Five evidence-aligned steps — please treat the first as the foundation:

  1. Get a baseline hearing test. Most adults have never had a proper audiogram. Ask your doctor for a referral to an audiologist, or use a certified screening. You cannot manage what you have not measured.
  2. Don't wait — and don't let stigma decide for you. The evidence is strongest for treating hearing loss earlier rather than after years of decline. Modern devices are tiny, and over-the-counter options have made mild-to-moderate help far more affordable in the U.S.
  3. If you use hearing aids, wear them consistently. The benefit in the research came from regular use plus support — not from a device sitting in a drawer. Work with an audiologist to get the fit and settings right.
  4. Protect the hearing you have. Use ear protection around loud equipment and concerts, and keep headphone volume moderate. Prevention counts at every age.
  5. Talk to your doctor before acting on any of this, especially with sudden hearing changes, ringing, dizziness, or ear pain — those need prompt medical evaluation, not a screening app.

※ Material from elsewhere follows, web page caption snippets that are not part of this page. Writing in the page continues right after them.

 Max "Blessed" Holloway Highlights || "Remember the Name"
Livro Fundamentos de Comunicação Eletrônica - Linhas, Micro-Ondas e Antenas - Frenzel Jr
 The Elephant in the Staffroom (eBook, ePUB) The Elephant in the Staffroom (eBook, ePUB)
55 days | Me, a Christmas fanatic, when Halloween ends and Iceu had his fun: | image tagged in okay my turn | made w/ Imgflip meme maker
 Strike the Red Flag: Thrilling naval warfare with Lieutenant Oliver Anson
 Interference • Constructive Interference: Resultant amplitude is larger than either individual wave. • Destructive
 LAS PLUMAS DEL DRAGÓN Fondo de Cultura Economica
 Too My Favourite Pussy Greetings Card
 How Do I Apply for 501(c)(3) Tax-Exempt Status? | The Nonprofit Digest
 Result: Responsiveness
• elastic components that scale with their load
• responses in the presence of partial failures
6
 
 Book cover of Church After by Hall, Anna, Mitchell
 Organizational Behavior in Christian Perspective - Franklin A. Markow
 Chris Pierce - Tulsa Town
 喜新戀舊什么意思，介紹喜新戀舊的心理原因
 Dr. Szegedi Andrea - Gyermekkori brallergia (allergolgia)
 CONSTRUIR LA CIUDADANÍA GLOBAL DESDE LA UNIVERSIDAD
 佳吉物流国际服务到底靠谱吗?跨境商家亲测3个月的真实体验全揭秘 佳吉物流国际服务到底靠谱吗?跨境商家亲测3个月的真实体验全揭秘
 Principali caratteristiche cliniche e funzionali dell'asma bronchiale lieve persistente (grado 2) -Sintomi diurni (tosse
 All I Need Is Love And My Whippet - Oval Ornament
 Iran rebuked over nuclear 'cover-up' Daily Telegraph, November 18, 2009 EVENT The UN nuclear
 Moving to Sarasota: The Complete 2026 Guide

A hopeful way to hold all of this: treating hearing loss is one of the few brain-health levers that is concrete, available, and improves daily life right now — clearer conversations, less fatigue, more connection — whatever its long-term effect on dementia risk turns out to be.


This content is for educational purposes only and is not a substitute for professional medical advice. Always consult a qualified healthcare provider before making changes to your health care, treatment, or use of any medical device.